__PROBLEM REQUIREMENTS__
Beginning with the line below that contains "Zara Beige Open-Toe Espadrille Sandals" and ending with the line that contains "Poster Scandinavisch Wit", copy every line exactly. Copy nothing else.

(RECORD EXCERPTS begins)

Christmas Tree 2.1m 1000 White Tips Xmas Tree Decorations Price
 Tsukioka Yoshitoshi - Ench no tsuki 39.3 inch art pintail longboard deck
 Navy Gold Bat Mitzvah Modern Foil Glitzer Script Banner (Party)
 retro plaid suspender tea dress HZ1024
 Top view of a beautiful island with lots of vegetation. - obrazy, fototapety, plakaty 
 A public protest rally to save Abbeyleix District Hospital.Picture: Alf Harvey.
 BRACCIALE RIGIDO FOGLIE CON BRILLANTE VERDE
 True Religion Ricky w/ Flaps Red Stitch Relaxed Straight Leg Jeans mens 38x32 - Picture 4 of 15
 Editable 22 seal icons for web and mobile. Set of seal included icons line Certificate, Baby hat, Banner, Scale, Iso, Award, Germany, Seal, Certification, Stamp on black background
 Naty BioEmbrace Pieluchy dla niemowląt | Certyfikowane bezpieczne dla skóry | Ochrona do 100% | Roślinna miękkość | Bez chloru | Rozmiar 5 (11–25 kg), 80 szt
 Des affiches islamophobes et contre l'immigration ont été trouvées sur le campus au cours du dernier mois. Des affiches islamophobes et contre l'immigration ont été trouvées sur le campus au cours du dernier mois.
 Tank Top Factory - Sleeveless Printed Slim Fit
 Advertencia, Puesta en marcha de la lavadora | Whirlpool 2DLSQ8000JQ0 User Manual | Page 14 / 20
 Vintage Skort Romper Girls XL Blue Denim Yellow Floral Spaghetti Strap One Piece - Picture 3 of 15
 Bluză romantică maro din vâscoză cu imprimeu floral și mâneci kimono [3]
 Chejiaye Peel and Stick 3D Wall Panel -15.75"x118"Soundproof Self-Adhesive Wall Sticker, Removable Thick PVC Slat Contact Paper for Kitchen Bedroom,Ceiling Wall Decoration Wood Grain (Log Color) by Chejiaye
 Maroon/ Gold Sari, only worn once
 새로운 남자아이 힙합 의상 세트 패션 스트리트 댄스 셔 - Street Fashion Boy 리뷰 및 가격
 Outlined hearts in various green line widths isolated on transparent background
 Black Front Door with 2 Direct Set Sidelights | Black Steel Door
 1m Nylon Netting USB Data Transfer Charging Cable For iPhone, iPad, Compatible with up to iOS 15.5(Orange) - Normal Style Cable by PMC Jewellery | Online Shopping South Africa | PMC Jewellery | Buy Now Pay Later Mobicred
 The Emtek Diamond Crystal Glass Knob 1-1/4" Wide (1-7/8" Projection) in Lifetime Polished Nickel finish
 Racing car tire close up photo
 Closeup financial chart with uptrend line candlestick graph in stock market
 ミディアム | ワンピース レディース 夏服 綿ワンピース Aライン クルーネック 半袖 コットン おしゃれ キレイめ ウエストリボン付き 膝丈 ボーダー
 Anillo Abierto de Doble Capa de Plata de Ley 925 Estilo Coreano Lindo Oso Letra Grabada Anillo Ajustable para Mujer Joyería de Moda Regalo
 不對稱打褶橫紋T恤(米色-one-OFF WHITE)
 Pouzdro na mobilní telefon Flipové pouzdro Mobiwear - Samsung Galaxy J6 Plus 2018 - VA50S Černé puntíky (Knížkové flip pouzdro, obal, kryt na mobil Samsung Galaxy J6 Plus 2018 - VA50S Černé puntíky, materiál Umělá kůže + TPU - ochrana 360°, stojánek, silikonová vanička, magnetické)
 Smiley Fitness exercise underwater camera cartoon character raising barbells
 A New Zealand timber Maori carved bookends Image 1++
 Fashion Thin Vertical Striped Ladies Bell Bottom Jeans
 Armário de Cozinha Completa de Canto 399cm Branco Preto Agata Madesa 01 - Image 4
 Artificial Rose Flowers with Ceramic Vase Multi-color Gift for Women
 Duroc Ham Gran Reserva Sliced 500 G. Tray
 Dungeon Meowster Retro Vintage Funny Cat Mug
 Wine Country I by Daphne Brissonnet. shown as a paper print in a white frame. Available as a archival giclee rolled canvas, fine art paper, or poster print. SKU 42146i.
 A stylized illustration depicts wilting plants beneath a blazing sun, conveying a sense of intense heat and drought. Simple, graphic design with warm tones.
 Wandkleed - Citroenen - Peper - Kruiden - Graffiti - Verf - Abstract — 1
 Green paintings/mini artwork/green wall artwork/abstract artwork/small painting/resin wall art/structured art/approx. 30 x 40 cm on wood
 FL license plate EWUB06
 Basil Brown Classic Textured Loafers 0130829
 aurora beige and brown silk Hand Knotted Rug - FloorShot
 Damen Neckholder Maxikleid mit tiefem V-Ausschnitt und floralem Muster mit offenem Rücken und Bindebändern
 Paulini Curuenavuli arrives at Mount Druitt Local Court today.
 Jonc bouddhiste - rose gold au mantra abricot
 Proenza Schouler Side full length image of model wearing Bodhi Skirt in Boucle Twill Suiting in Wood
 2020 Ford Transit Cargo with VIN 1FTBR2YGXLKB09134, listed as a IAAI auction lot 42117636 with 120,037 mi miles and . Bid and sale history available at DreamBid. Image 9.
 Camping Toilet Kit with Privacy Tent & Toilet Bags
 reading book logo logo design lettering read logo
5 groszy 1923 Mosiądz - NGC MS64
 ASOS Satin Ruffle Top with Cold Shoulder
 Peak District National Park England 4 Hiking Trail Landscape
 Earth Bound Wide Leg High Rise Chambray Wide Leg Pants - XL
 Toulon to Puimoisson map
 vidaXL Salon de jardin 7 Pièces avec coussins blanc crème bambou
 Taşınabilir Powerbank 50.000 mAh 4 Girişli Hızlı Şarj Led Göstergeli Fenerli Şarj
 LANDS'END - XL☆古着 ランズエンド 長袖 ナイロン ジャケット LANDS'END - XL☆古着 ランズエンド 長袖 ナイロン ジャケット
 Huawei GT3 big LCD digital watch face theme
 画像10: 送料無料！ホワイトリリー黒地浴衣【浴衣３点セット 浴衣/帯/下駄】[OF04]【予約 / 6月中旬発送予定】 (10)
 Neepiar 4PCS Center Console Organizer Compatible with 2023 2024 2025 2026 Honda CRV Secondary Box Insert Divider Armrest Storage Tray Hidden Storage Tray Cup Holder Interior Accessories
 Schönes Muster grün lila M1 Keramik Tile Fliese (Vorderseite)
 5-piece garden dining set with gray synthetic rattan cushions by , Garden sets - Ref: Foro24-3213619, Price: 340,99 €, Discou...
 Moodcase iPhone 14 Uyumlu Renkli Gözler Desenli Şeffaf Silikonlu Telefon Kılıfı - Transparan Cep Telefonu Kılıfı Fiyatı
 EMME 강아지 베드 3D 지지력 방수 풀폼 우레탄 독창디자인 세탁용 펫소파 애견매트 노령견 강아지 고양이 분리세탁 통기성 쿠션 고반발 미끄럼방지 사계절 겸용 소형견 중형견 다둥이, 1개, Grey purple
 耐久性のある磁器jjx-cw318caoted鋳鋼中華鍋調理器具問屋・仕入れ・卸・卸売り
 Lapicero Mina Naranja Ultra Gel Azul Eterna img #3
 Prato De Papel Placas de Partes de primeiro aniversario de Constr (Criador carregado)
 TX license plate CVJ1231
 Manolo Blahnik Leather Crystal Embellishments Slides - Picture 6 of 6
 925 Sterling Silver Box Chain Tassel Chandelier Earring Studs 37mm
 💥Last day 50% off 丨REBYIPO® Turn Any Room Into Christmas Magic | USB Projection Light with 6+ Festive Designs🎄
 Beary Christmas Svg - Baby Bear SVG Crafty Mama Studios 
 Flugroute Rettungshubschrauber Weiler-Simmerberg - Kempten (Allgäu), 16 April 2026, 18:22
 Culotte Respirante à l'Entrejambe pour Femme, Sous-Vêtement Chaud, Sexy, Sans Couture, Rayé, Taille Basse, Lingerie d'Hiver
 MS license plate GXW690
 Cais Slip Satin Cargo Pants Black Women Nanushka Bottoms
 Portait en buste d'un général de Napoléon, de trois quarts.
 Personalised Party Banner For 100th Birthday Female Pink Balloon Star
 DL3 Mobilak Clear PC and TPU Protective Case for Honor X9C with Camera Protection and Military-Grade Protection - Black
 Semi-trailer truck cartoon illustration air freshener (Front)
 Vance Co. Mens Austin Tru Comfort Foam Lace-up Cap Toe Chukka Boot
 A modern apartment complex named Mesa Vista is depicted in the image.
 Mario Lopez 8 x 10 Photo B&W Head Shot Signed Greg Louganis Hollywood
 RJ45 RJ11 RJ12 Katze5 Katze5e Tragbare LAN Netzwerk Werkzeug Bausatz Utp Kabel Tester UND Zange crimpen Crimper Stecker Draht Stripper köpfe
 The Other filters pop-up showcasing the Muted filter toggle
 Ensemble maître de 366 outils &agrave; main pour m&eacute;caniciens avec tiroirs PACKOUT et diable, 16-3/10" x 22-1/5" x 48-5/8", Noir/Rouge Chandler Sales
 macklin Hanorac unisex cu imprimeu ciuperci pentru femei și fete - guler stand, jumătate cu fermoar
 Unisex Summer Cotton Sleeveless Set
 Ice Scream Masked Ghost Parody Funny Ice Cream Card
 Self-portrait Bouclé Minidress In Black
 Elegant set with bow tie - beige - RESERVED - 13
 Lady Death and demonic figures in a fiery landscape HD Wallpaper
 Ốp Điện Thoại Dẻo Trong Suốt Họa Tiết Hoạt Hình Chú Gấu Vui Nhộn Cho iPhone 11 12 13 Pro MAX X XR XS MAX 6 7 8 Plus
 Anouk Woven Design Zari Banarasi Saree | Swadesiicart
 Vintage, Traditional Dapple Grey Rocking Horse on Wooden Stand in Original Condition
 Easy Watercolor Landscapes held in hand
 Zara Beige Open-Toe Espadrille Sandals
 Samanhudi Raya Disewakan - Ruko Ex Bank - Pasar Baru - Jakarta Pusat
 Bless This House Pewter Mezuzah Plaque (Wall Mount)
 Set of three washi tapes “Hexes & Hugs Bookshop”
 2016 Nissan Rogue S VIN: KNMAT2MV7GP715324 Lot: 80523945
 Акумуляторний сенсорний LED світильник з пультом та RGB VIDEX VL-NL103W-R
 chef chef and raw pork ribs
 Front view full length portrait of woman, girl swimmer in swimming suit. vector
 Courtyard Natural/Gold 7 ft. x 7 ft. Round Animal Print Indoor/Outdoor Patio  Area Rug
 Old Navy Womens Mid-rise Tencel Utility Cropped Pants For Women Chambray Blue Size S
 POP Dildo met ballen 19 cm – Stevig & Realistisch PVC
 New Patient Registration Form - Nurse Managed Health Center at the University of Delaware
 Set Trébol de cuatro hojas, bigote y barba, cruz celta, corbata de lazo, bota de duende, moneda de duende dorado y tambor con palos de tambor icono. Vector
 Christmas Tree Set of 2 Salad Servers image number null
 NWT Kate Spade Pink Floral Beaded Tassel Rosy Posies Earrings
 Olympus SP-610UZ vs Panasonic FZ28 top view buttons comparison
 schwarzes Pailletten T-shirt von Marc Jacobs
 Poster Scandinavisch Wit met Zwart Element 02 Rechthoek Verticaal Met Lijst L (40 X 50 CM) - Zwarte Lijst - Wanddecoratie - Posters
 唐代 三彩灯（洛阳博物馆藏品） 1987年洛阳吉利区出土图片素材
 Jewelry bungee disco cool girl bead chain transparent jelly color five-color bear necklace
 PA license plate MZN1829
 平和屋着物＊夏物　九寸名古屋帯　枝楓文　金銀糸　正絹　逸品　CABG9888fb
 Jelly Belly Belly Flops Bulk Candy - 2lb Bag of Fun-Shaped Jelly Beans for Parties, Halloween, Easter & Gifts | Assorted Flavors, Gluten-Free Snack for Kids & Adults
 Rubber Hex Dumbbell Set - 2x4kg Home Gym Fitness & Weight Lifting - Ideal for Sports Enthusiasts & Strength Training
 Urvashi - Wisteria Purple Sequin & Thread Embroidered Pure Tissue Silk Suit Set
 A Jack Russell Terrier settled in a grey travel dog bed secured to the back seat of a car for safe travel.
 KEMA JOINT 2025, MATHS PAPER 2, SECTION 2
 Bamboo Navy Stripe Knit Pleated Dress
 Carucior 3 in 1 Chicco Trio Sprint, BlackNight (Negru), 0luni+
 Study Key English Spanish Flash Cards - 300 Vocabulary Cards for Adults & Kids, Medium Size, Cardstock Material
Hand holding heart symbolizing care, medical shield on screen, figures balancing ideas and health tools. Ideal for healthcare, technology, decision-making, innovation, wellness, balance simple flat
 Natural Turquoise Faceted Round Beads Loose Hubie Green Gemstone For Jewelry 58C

(RECORD EXCERPTS ends)

__EXPECTED ANSWER__
 Zara Beige Open-Toe Espadrille Sandals
 Samanhudi Raya Disewakan - Ruko Ex Bank - Pasar Baru - Jakarta Pusat
 Bless This House Pewter Mezuzah Plaque (Wall Mount)
 Set of three washi tapes “Hexes & Hugs Bookshop”
 2016 Nissan Rogue S VIN: KNMAT2MV7GP715324 Lot: 80523945
 Акумуляторний сенсорний LED світильник з пультом та RGB VIDEX VL-NL103W-R
 chef chef and raw pork ribs
 Front view full length portrait of woman, girl swimmer in swimming suit. vector
 Courtyard Natural/Gold 7 ft. x 7 ft. Round Animal Print Indoor/Outdoor Patio  Area Rug
 Old Navy Womens Mid-rise Tencel Utility Cropped Pants For Women Chambray Blue Size S
 POP Dildo met ballen 19 cm – Stevig & Realistisch PVC
 New Patient Registration Form - Nurse Managed Health Center at the University of Delaware
 Set Trébol de cuatro hojas, bigote y barba, cruz celta, corbata de lazo, bota de duende, moneda de duende dorado y tambor con palos de tambor icono. Vector
 Christmas Tree Set of 2 Salad Servers image number null
 NWT Kate Spade Pink Floral Beaded Tassel Rosy Posies Earrings
 Olympus SP-610UZ vs Panasonic FZ28 top view buttons comparison
 schwarzes Pailletten T-shirt von Marc Jacobs
 Poster Scandinavisch Wit met Zwart Element 02 Rechthoek Verticaal Met Lijst L (40 X 50 CM) - Zwarte Lijst - Wanddecoratie - Posters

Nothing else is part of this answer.